Rodel pulled out her phone and switched to the calendar. It rang just as Andy was about to get started.

He read the name flashing across her screen. “Montego?”

“My sister.” Rodel didn’t share the reason behind their unusual names. Their parents had named both daughters after the places in which they had been conceived: Rodel Harris, for the picturesque village of Rodel on the Isle of Harris in Scotland, and Montego James for Montego Bay in the parish of St. James, Jamaica.

Ro and Mo.

“Please go on.” She sent her sister’s call to voice mail. This wasn’t the time for one of Mo’s rambling chats. Besides, Rodel had big news to share. The I-bought-a-house-so-you-need-to-get-your-arse-down-here kind of news that she’d been dying to share once everything was finalized.

“I can wait if you want to take it.” Andy was chatty and overly accommodating. Rodel had a feeling that his interest in her stretched beyond the professional.

“It’s okay. I’ll call her later.”

They were seated on opposite sides of the kitchen counter in the restored seventeenth-century cottage that Rodel had just purchased. It was a tiny two-story home, but it had an open living area with exposed wood beams, a book nook, and a sunny terrace steps from the river. It was close enough to the school for Rodel to walk, but set in the secluded backwater at the edge of the village. Rodel couldn’t wait to move out of the room she’d been renting for the last two years.

“The sellers have agreed to an early closing so you can have the place in a couple of weeks.” Andy went over the dates.

“That’s perfect.” It meant that Rodel would have the summer to settle in before the school year started in September. “Thank you,” she said, as they concluded their meeting.

Andy stood and cleared his throat. “I was wondering if . . . umm . . . you’d like to have a drink. You know, to celebrate and all?”

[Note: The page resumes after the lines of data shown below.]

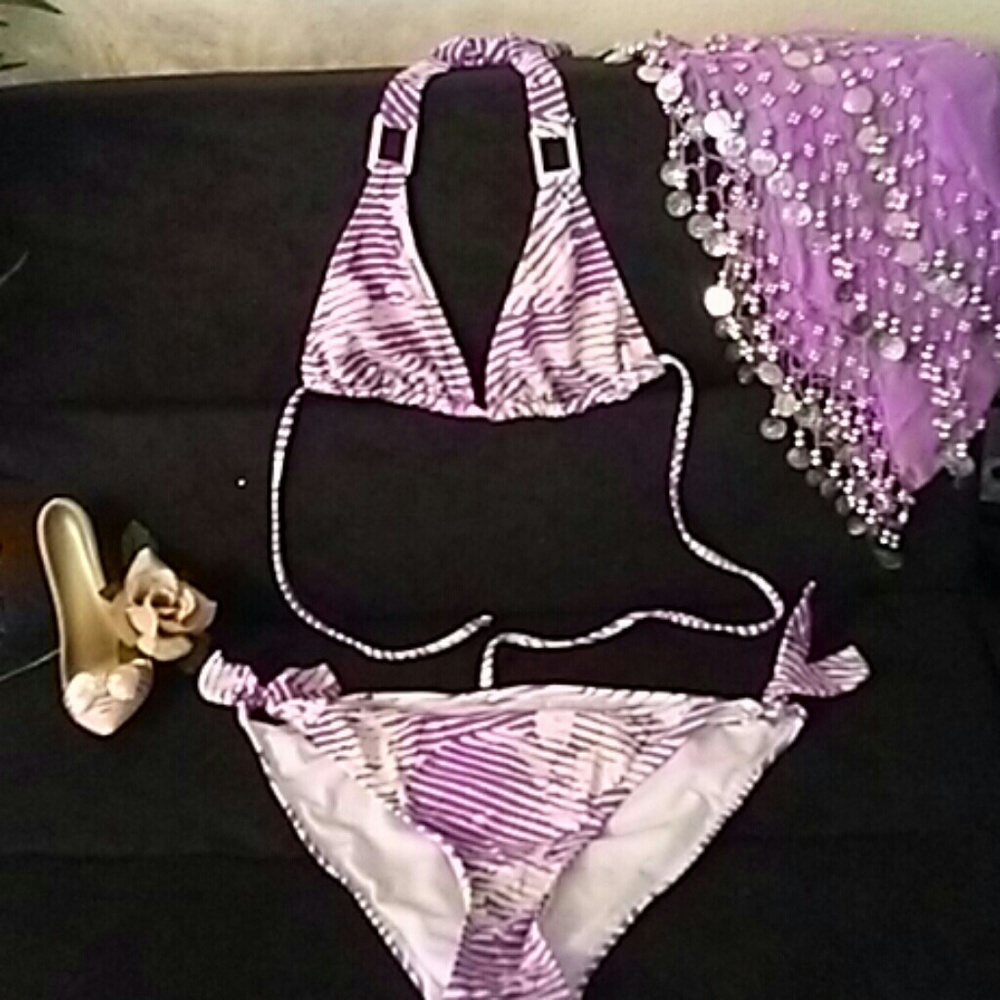 PURPLE & WHITE BIKINI WITH COVER UP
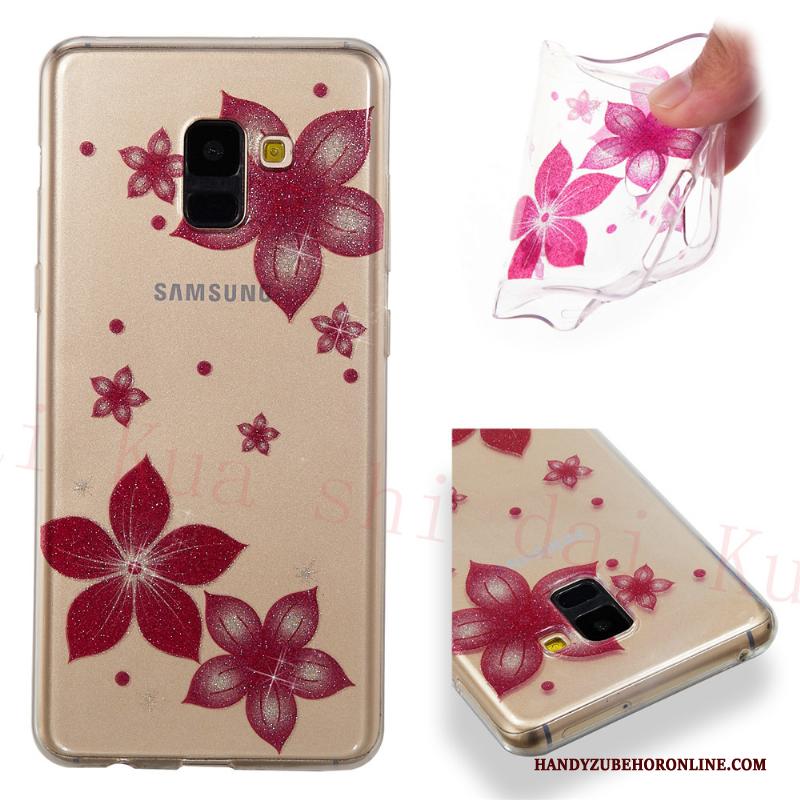 Samsung Galaxy A8 2018 Ster Rood Dun Hoesje Telefoon Persoonlijk Spotprent Siliconen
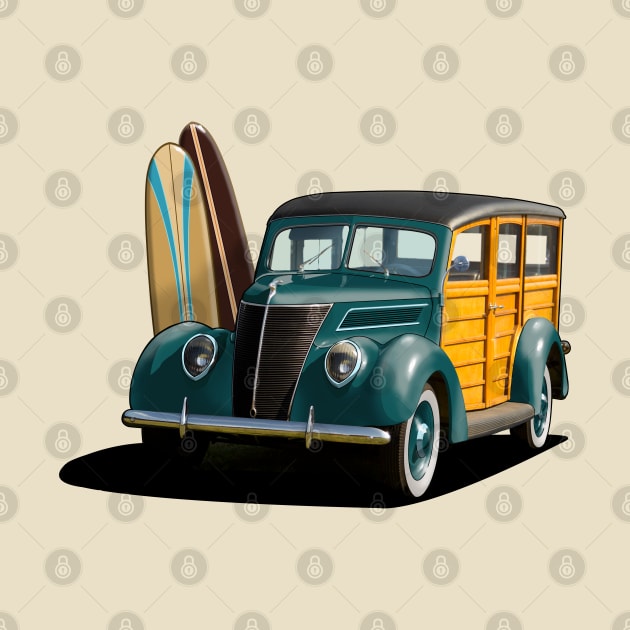 1937 Ford Woody Station Wagon in teal by candcretro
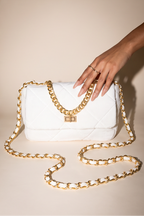 Raina Quilted Velvet Chain Flap Shoulder Bag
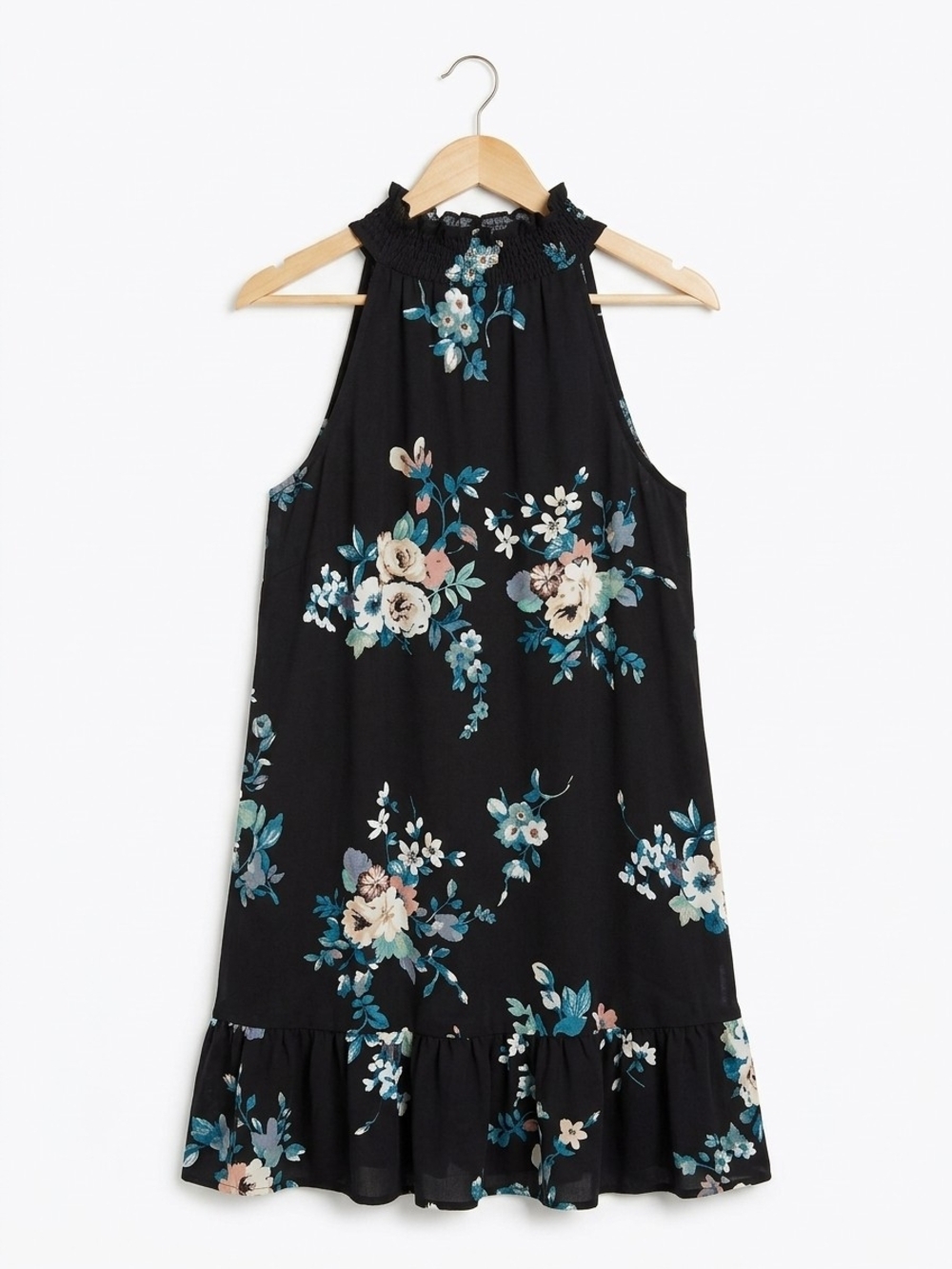 Xhilaration Black Floral High-Neck Swing Mini Dress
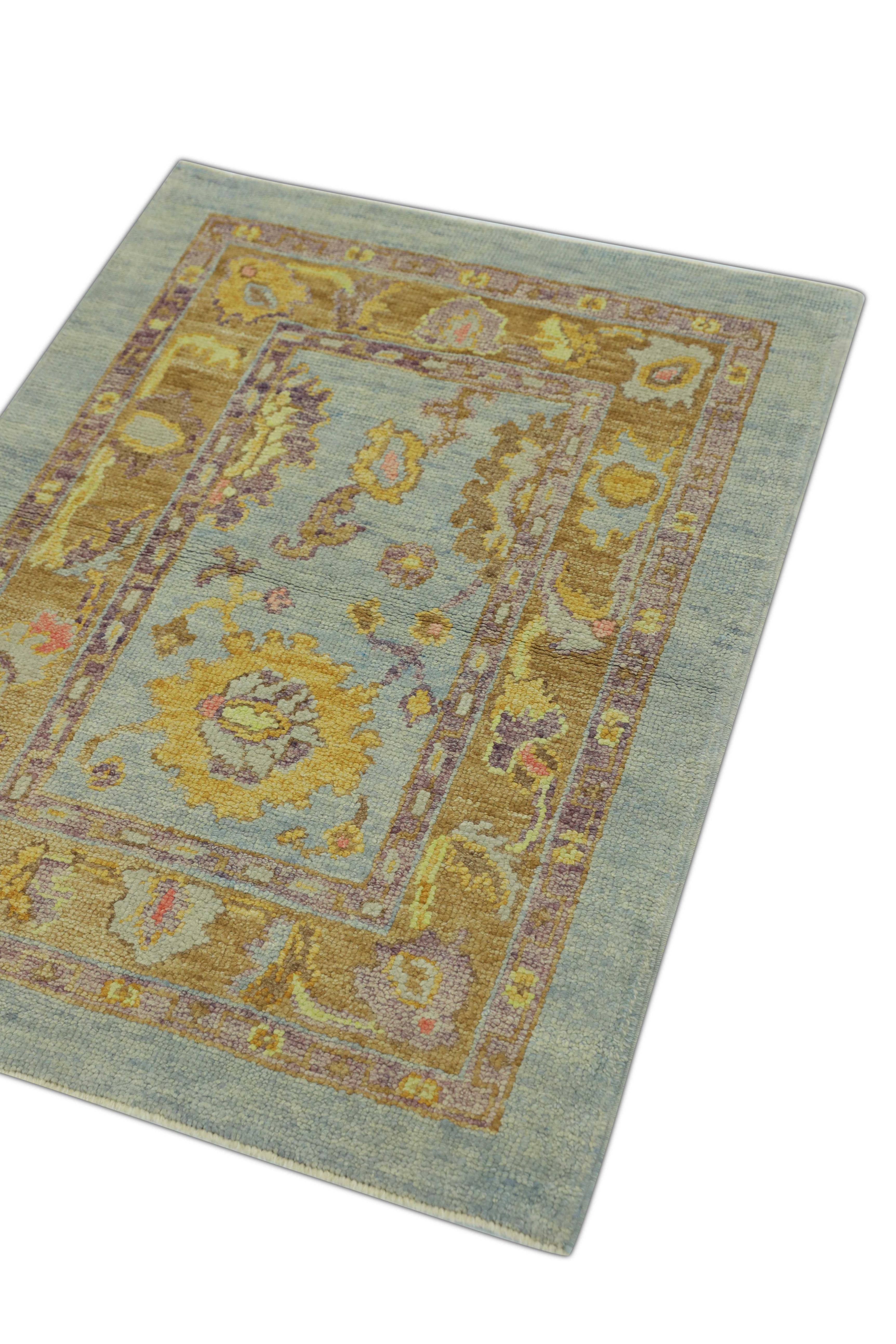 Oushak-Teppich Orientalischer handgeknüpfter türkischer Oushak 3' x 3'11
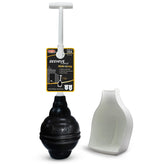 Korky front view of BeehiveMAX plunger and holder showing compact storage benefit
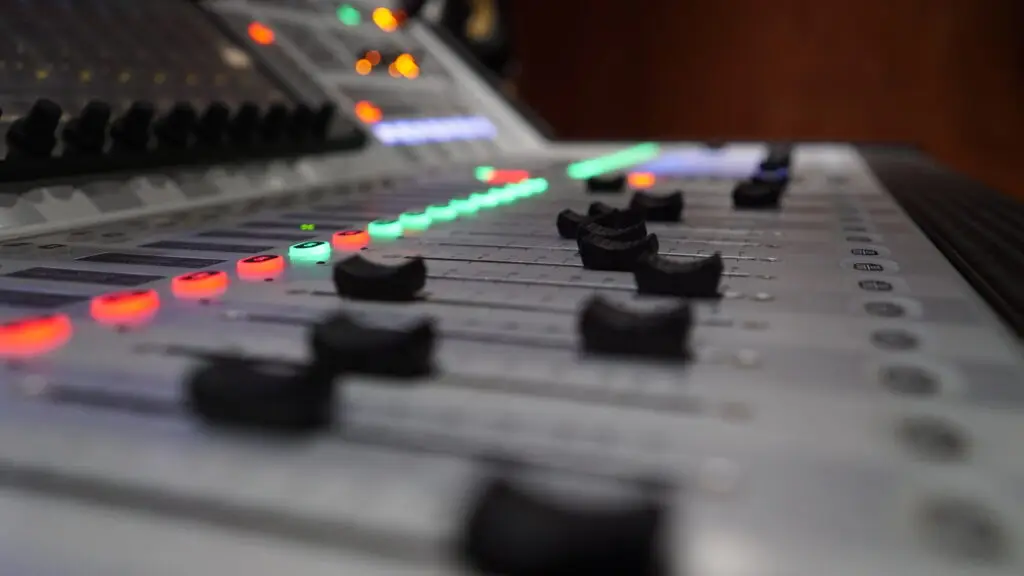 Recording Desk at Powerhouse Studios, with volume sliders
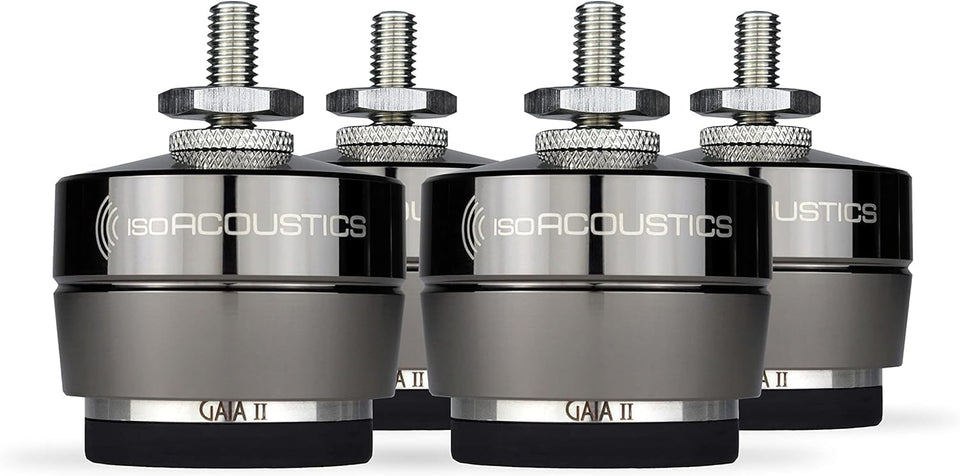 IsoAcoustics Gaia II isolation feet stabilizing speakers.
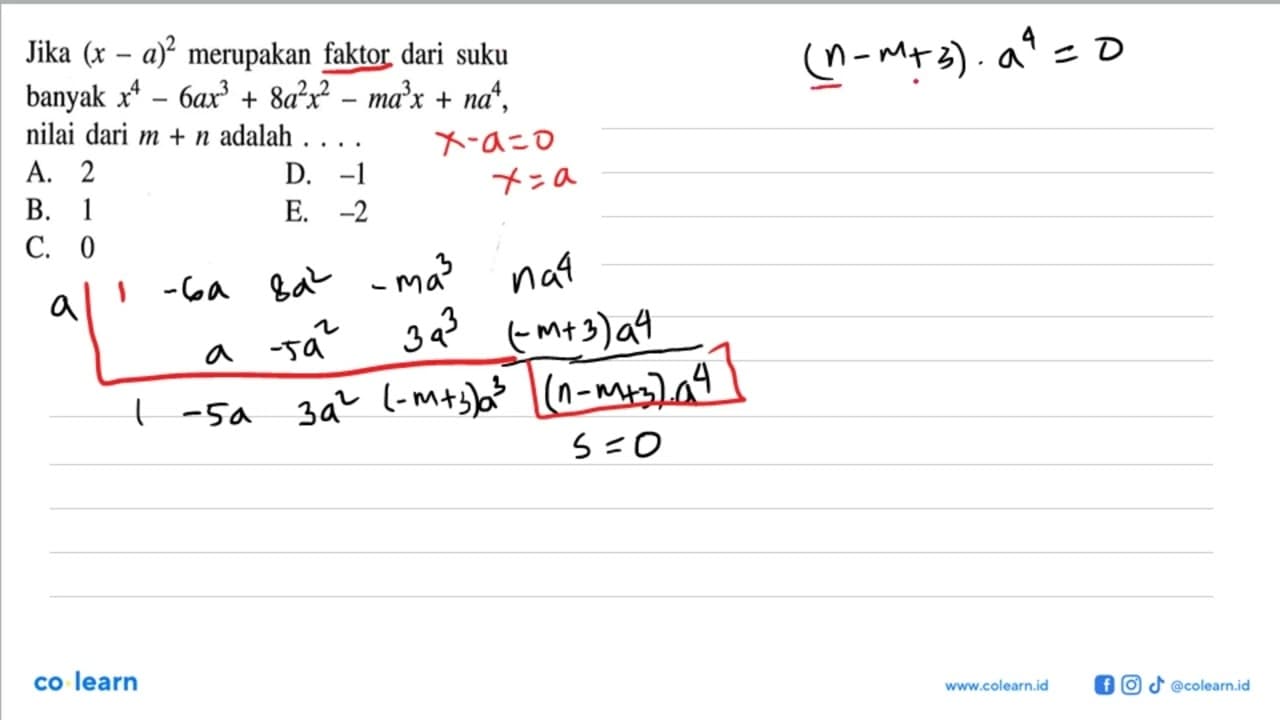 Jika (x-a)^2 merupakan faktor dari suku banyak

Another time, Rodel would have turned him down. She had been so focused on working toward her dream of owning a home that her social life was practically non-existent. It didn’t help that she was a book nerd. She had book boyfriends that no flesh-and-blood man could ever live up to. She might have sought tranquility in a home, but in a man, she wanted the tempest—Strider, Aragorn, King of Gondor. Another fictional, improbable ideal. Yes, Lord of the Rings had quite possibly ruined her. She had found the Shire, and she had claimed her Hobbit-hole, but she was pretty sure she would have to recast the hero. Kings like Aragorn simply did not walk among mortal men.